CXCL10/XCL1 fusokine elicits in vitro and in vivo chemotaxis

  • Yessica E. Sanchez-Lugo
  • Jose J. Perez-Trujillo
  • Yolanda Gutierrez-Puente
  • Aracely Garcia-Garcia
  • Humberto Rodriguez-Rocha
  • Oralia Barboza-Quintana
  • Gerardo E. Muñoz-Maldonado
  • Odila Saucedo-Cardenas
  • Roberto Montes de Oca-Luna
  • Maria J. Loera-AriasEmail author
Original Research Paper

Abstract

Fusokines are proteins formed by the fusion of two cytokines. They have greater bioavailability and therapeutic potential than individual cytokines or a combination of different cytokines. Interferon-gamma-inducible protein 10 (CXCL10) and lymphotactin (XCL1) are members of the chemotactic family of cytokines, which induce tumor regression by eliciting immune-system cell chemotaxis.
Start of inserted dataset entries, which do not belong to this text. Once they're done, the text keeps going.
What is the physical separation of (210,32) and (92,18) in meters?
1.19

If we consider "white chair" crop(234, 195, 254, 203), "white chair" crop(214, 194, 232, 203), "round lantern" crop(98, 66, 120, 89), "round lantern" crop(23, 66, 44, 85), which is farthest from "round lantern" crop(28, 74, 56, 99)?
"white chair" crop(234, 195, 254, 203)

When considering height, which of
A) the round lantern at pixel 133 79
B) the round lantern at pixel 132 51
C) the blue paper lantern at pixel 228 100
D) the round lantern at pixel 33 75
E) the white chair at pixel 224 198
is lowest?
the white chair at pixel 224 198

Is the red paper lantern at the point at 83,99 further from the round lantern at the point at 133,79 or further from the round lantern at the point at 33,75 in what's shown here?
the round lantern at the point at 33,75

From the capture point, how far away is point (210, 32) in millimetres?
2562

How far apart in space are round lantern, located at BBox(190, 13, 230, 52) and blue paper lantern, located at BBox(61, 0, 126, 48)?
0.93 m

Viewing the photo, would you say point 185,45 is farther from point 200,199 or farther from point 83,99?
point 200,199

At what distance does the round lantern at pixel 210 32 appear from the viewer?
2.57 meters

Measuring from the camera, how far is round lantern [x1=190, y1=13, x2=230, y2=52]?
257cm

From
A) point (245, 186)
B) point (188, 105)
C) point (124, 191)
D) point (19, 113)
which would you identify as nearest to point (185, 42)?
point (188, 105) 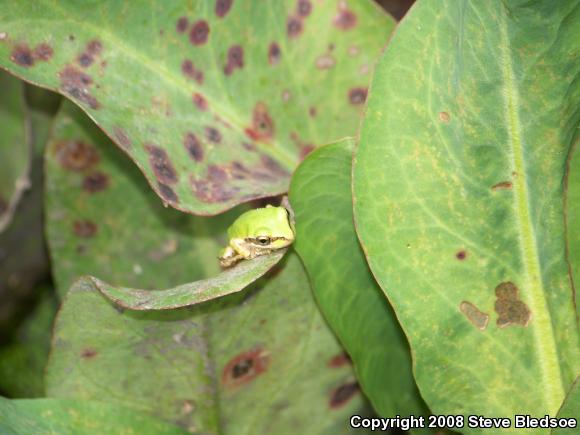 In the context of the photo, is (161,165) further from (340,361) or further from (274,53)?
(340,361)

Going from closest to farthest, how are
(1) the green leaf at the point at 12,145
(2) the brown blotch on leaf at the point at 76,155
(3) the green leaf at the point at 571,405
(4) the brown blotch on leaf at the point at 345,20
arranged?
(3) the green leaf at the point at 571,405, (4) the brown blotch on leaf at the point at 345,20, (2) the brown blotch on leaf at the point at 76,155, (1) the green leaf at the point at 12,145

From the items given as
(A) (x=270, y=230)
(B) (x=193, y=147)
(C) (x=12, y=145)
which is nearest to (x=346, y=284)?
(A) (x=270, y=230)

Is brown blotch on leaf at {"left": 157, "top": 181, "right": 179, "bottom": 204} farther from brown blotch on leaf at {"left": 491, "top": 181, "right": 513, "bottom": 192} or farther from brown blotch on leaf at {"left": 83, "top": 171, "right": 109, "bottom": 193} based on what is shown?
brown blotch on leaf at {"left": 491, "top": 181, "right": 513, "bottom": 192}

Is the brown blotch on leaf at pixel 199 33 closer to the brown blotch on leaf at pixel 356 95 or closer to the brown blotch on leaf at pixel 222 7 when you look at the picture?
the brown blotch on leaf at pixel 222 7

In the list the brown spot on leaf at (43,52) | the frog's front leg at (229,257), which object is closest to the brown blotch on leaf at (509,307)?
the frog's front leg at (229,257)

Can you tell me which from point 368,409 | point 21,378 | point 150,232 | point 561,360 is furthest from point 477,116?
→ point 21,378

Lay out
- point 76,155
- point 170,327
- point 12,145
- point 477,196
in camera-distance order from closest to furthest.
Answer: point 477,196 → point 170,327 → point 76,155 → point 12,145
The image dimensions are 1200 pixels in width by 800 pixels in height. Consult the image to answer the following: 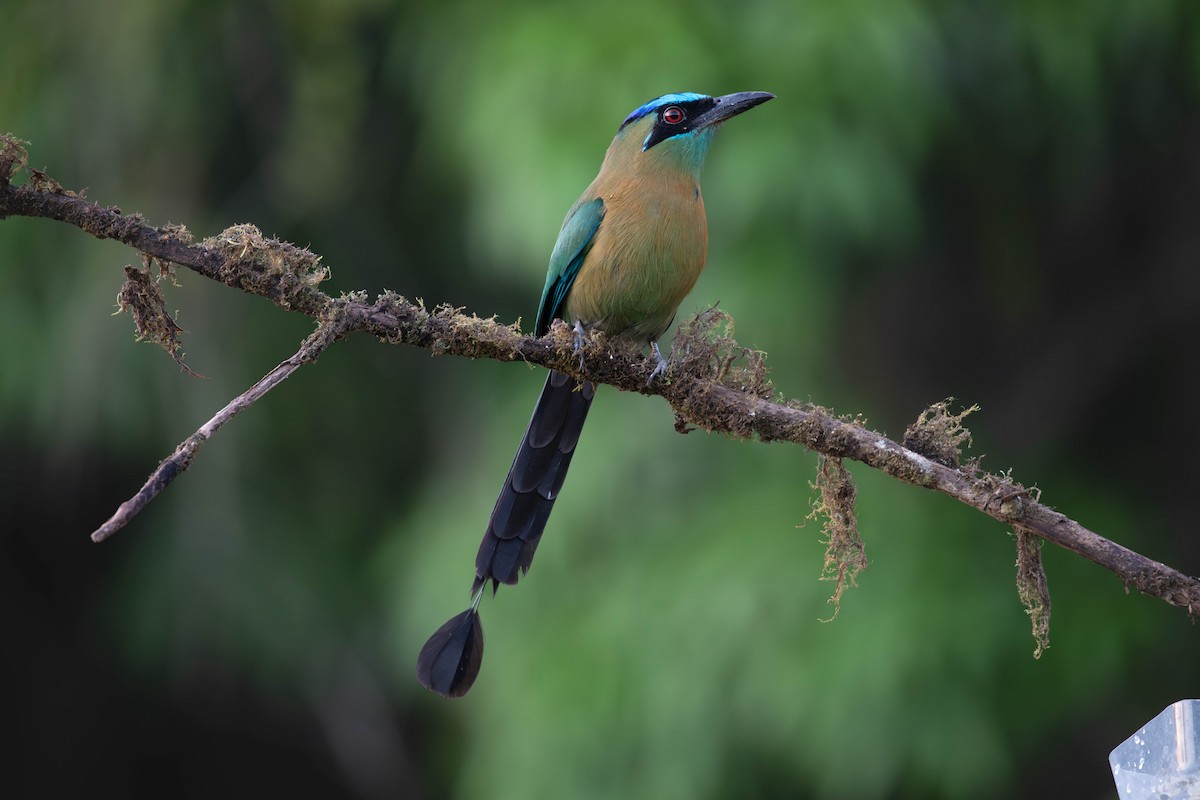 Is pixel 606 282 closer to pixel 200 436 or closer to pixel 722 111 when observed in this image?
pixel 722 111

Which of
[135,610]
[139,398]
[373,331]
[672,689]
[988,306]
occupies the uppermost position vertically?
[988,306]

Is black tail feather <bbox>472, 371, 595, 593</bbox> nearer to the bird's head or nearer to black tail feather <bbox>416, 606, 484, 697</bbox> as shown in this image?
black tail feather <bbox>416, 606, 484, 697</bbox>

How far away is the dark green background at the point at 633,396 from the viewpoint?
440 cm

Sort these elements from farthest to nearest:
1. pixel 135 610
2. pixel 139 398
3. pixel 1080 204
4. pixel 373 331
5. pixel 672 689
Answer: pixel 135 610
pixel 139 398
pixel 1080 204
pixel 672 689
pixel 373 331

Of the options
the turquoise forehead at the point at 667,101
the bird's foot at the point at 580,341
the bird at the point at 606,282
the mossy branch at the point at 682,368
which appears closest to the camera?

We engineered a replication-deficient adenoviral system expressing CXCL10/XCL1 fusokine (Ad FIL) and assessed its chemotactic response in vitro and in vivo. The CXCL10/XCL1 fusokine elicited a greater chemotactic effect in IL-2 stimulated lymphocytes than individual or combined cytokines in vitro. CXCL10/XCL1 fusokine biological activity was demonstrated in vivo by intratumoral chemoattraction of CXCR3+ cells. Thus, this novel CXCL10/XCL1 fusokine may represent a potential tool for gene therapy treatment of cancer and other illnesses that require triggering immune-system cell recruitment.

Keywords

Adenovirus Cancer therapy CXCL10 Fusokine Gene therapy Immunotherapy Interferon-gamma-inducible protein 10 Lymphotactin 

Notes

Acknowledgments

This work was supported by Programa de Apoyo a la Investigación en Ciencia y Tecnología (PAICYT) No. SA381-10 from the UANL, and by ConsejoNacional de Ciencia y Tecnología (CONACYT) Grant No. CB-10-158509. YESL and JJPT were recipients of scholarships from CONACYT.

Conflict of interest

The authors declare that they have no conflict of interest.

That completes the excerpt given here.